View Model Prediction and Actuals
#Add the predicted
merged_data %>%
mutate(predicted = linear_model$fitted.values) %>%
as.data.frame()## date average_hits revenue predicted
## 1 2021.3 34.92 56806 60188.349
## 2 2021.2 27.62 21052 20565.717
## 3 2021.1 25.38 6361 8407.539
## 4 2020.4 49.62 104946 139976.389
## 5 2020.3 53.69 146889 162067.363
## 6 2020.2 49.31 117957 138293.784
## 7 2020.1 46.54 141737 123258.895
## 8 2019.4 46.69 120177 124073.059
## 9 2019.3 46.15 124815 121142.069
## 10 2019.2 44.71 103609 113326.098
## 11 2019.1 49.15 137410 137425.343
## 12 2018.4 51.67 157806 151103.293
## 13 2018.3 56.29 172477 176179.534
## 14 2018.2 49.77 152917 140790.553
## 15 2018.1 49.23 192056 137859.563
## 16 2017.4 46.38 120033 122390.454This output shows the revenue MMYT actually reported as well as the predictions for the previous quarters.
Predict Revenue for Fiscal 2021 Q4
#Create data frame to use as value for prediction
#Recall that 39.54 is the average search interest for fiscal 2021 Q4
prediction_df <- data.frame(average_hits = 39.54)

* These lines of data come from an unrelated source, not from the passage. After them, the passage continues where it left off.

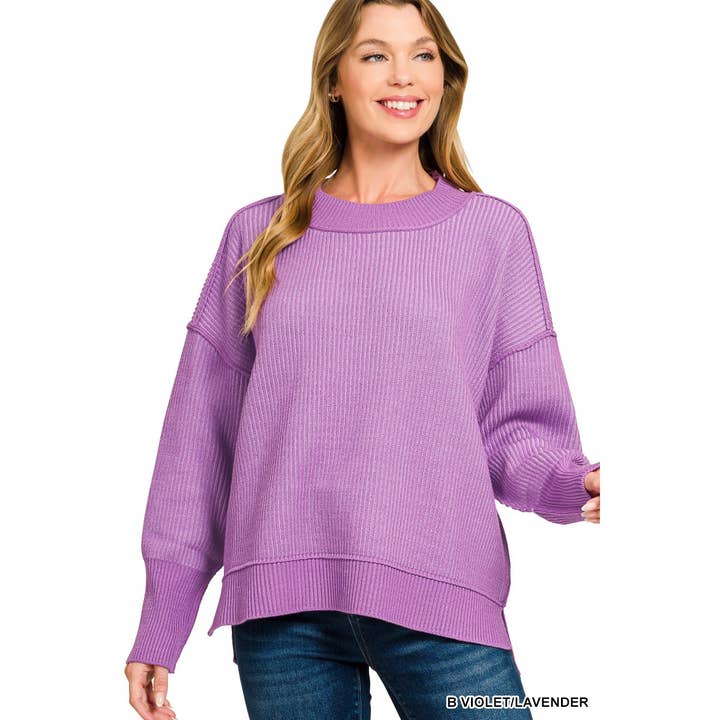 Style Up – wholesale Sweatshirt – Women's – EXPOSED SEAM TWO TONE SWEATER HI LOW SIDE SLITS7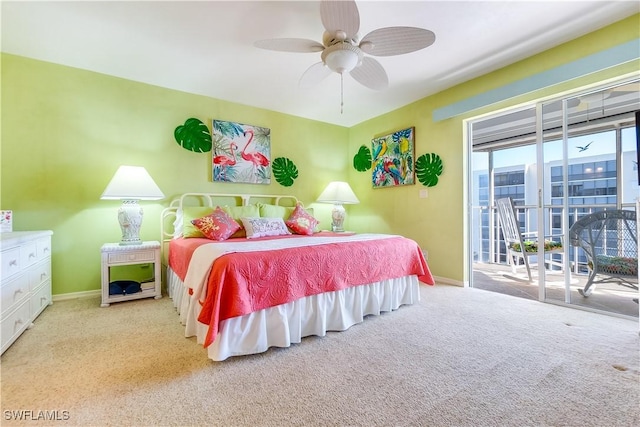 4531 Bay Beach Ln Unit 337, Fort Myers Beach, FL 33931 - carpeted bedroom featuring access to exterior and ceiling fan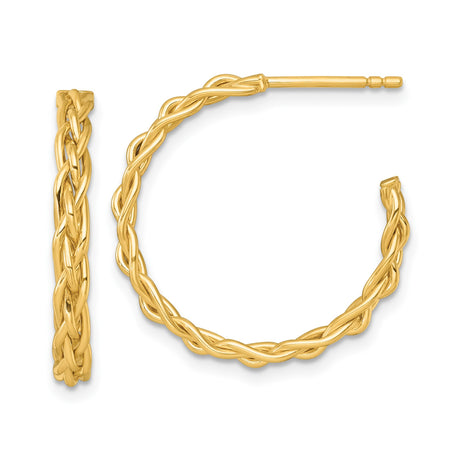 14k Yellow Gold Hoop Earrings with Braided Woven Design for Women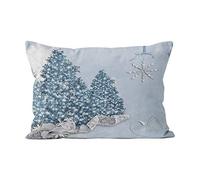 Federe Cuscini Decorative Snow Blue White Ball Merry Christmas Funny Copricuscino Lavabile Copricuscini Decorazione Cuscino Decorativo per Camera Home Ufficio 40X60CM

#Predict current quarter revenue
predict(linear_model, prediction_df )## 1
## 85264.59This output shows a predicted revenue for fiscal 2021 Q4 of 85264.59 using the linear model.
Conclusion
From the final above output, the predicted revenue for the latest quarter came in at 85265 and the actual revenue MMYT reported on their earnings report (months after this data was gathered) came in at 79221. This shows how powerful a simple single variable linear model can be as a starting point for building a predictive model. That said, I’ve built far stronger models in the past by combining multivariate analysis of Google Trends search terms with other publicly accessible data from other sources.